Your assignment. Quote the listing in full, exactly as given, minus any pictures.

--- Data shown Enclosed Below ---

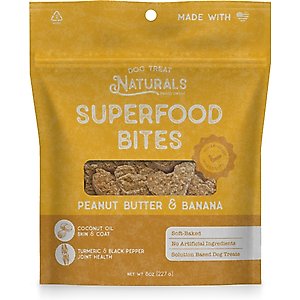 Dog Treat Naturals Peanut Butter & Banana Superfood Bites Dog Treats, 8-oz bag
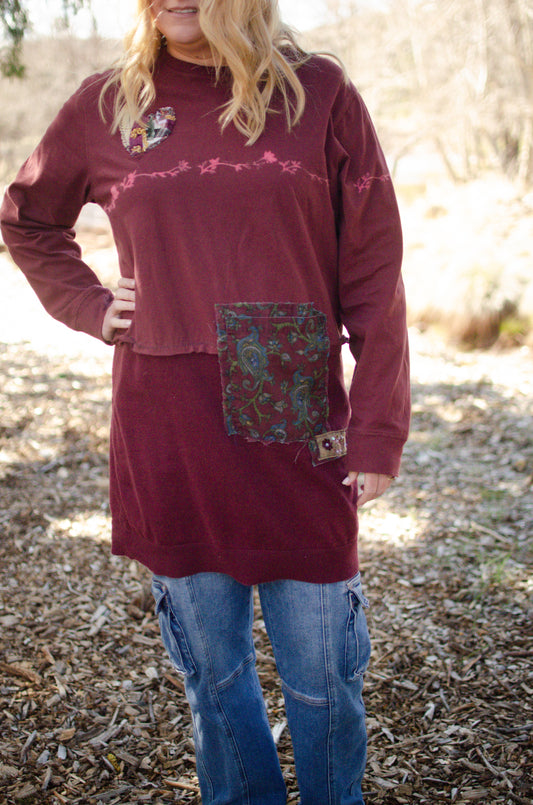 Wine and Vines Up-cycled Tunic sweater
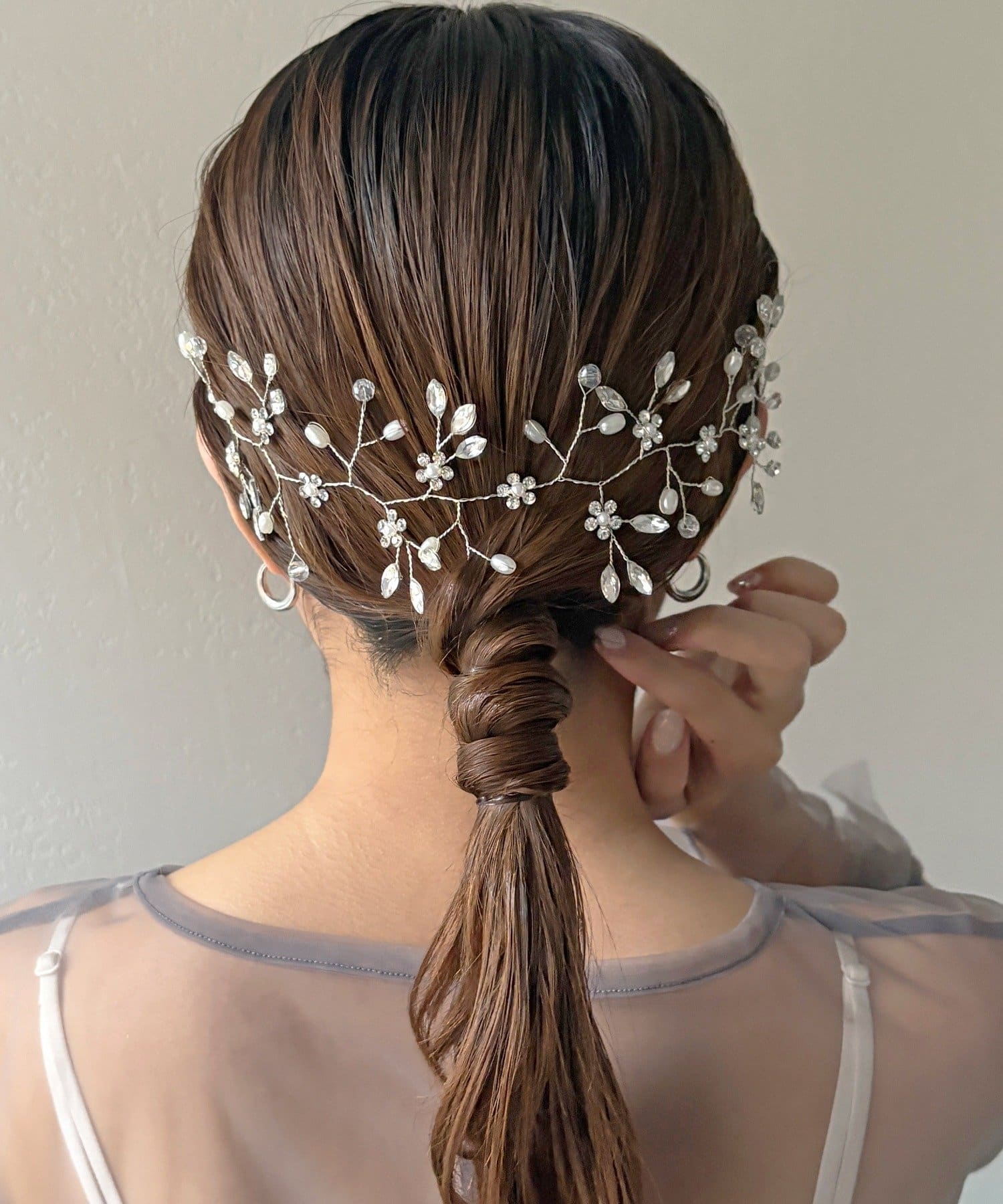 Lattice(ラティス) 【オケージョン】ストーンフラワーヘッドアクセ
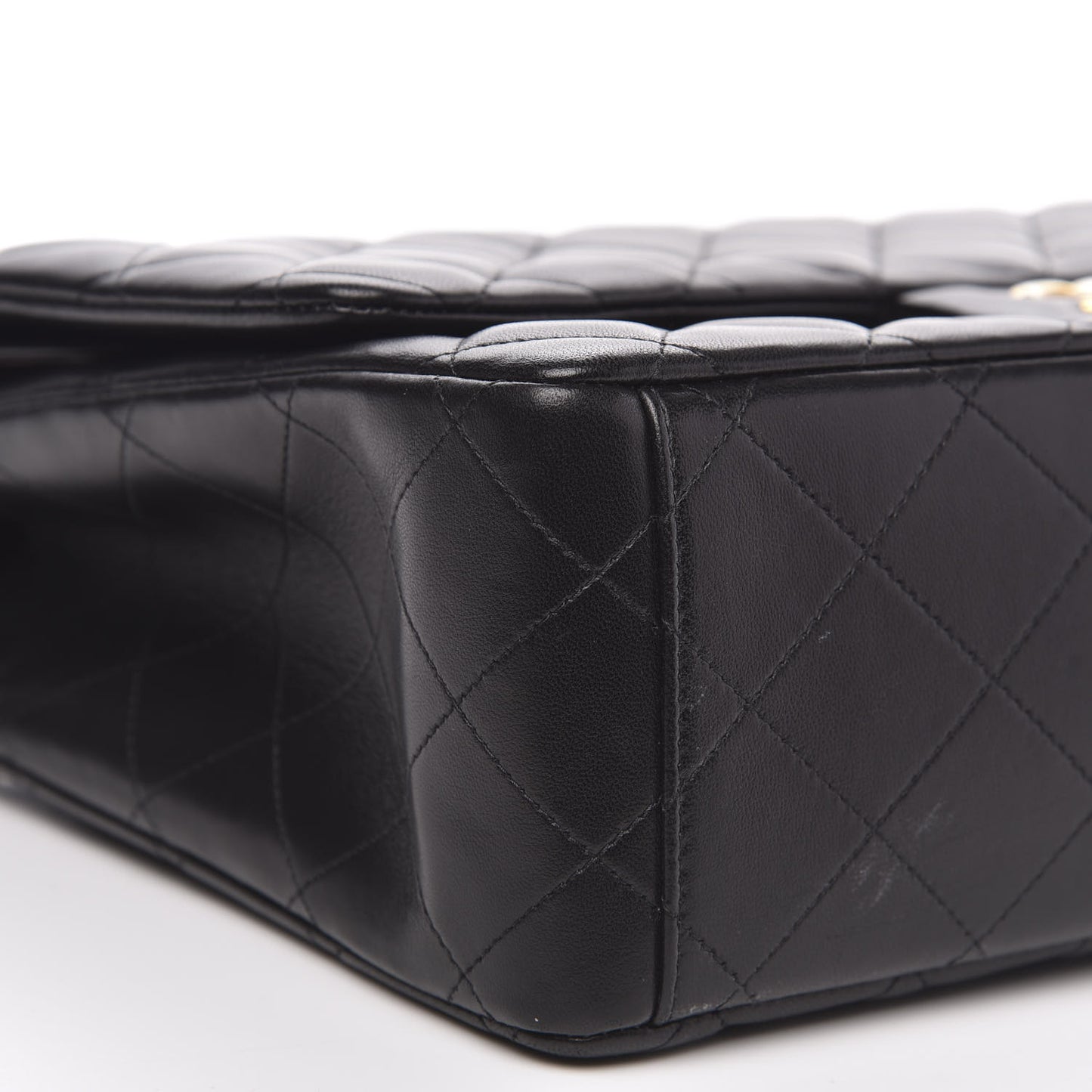 Lambskin Quilted Maxi Double Flap Black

--- End of Enclosed Data shown ---

Solved problem.
 Dog Treat Naturals Peanut Butter & Banana Superfood Bites Dog Treats, 8-oz bag
 Wine and Vines Up-cycled Tunic sweater
 Lattice(ラティス) 【オケージョン】ストーンフラワーヘッドアクセ
 Lambskin Quilted Maxi Double Flap Black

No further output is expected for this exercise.